为了研究W-Ni-Cu合金选区激光熔化技术(SLM)直接成形工艺及其热物理性能, 设计了以激光功率、扫描速度、扫描线长度、搭接率为变量的工艺实验, 研究各参数对致密度的影响, 采用SEM、热分析仪、差式扫描量热仪、热-机械分析仪研究合金的微观组织、导热率与热膨胀系数。结果表明：选择合理的优化工艺参数, W-Ni-Cu(SLM)成形致密度最高达到94.5%; 微观组织为难熔相W发生了桥接与团聚, 基体相CuNi呈网络状包裹于W相周围; 测试试样所加载热流平行于烧结成形方向时, 导热系数与热膨胀系数分别是120.314 0 W/(m·K)及7.16×10-6/K, 加载热流方向垂直于烧结成形方向时, 导热系数与热膨胀系数分别是99.257 2 W/(m·K)及7.02×10-6/K。不同方向成形测试件导热系数和热膨胀系数的差异是由难熔相W在CuNi相中的分布以及孔隙数量决定的。
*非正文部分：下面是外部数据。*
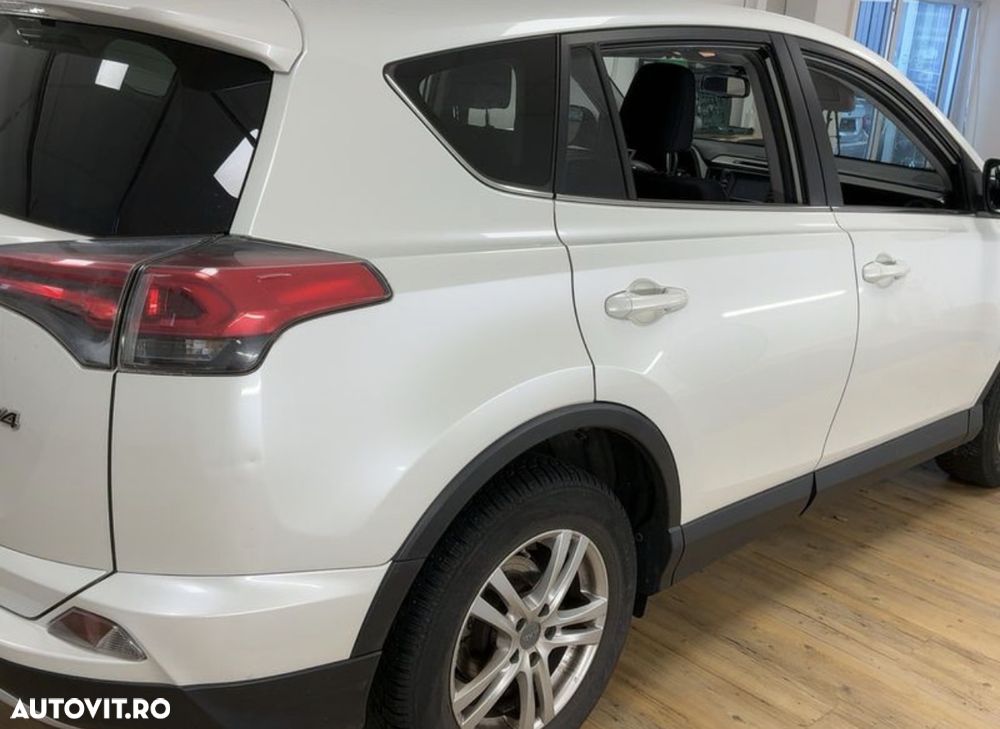 Toyota Rav4 2016 photo 4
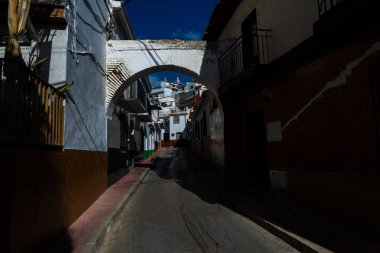 güzel, güzel sokak, dar yol, beyaz duvarları binalar, İspanyol mimarisi, güneşli bir gün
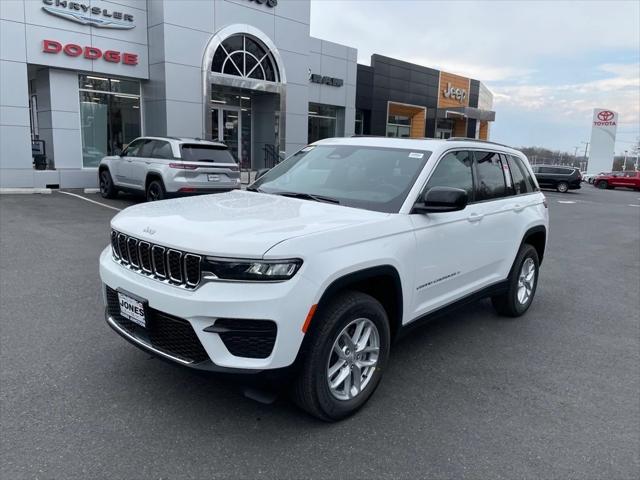 2025 Jeep Grand Cherokee GRAND CHEROKEE LAREDO X 4X4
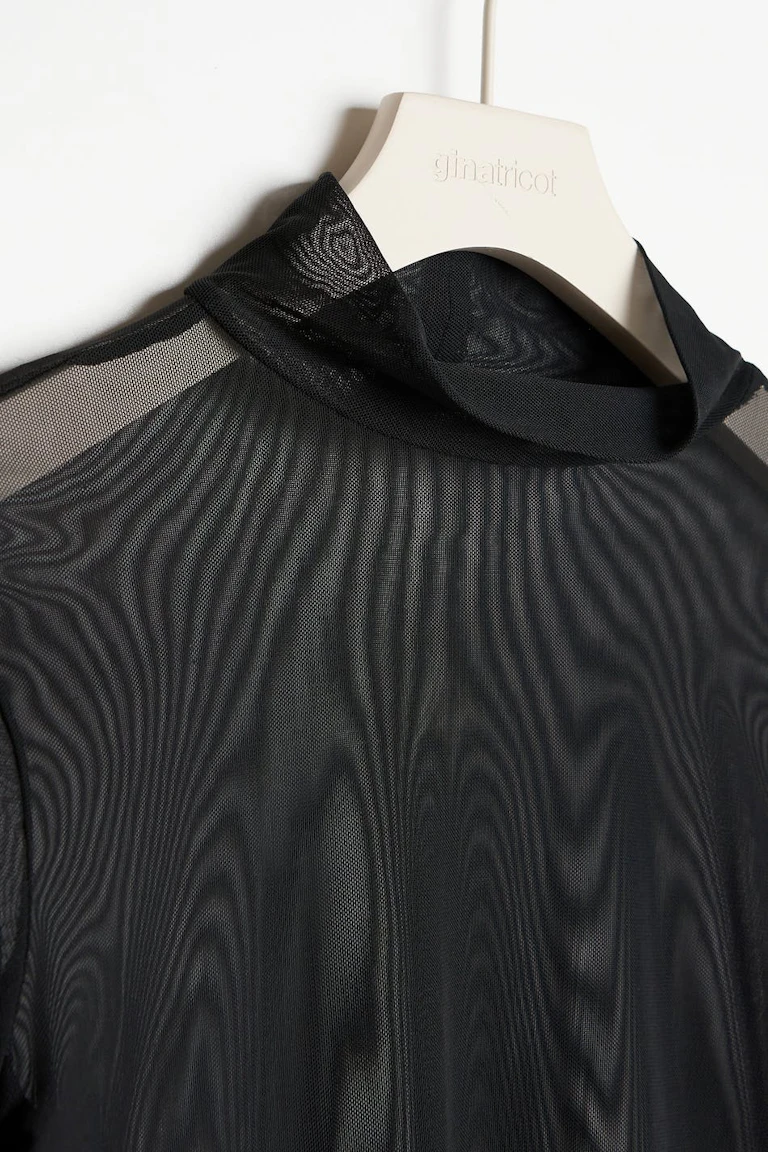 169499000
采用选区激光熔化成形技术可以成形性能较好的W-Ni-Cu合金。

To investigate the process and thermal physical performance of W-Ni-Cu manufactured using the Selective Laser Melting (SLM) technique, an experiment of four variables was conducted to study the influence of laser power, scanning speed, length of the scanning line, and overlap rate on the density. Scanning electron microscopy as well as a thermal analyzer, differential scanning calorimeter, and thermal-mechanical analyzer were used to study the microstructure, thermal conductivity, and thermal expansion. The results show that the density of W-Ni-Cu reaches 94.5% with the optimized process. The microstructure is a type of bridging connection, and agglomeration occurs between the W phases and CuNi phase that wraps around the W phase like a network. When the measuring direction is parallel to the processing direction, the thermal conductivity and thermal expansion coefficients are 120.314 0 W/m·K and 7.16×10-6/K, respectively. When the measuring direction is perpendicular to the processing direction, the thermal conductivity and thermal expansion coefficients are 99.257 2 W/m·K and 7.02×10-6/K, respectively. Test pieces form in different directions with different thermal conductivity and thermal expansion coefficients because of the distribution of W in CuNi and the existence of pores. The study shows that the W-Ni-Cu alloy parts exhibiting better performance can be manufactured directly using SLM.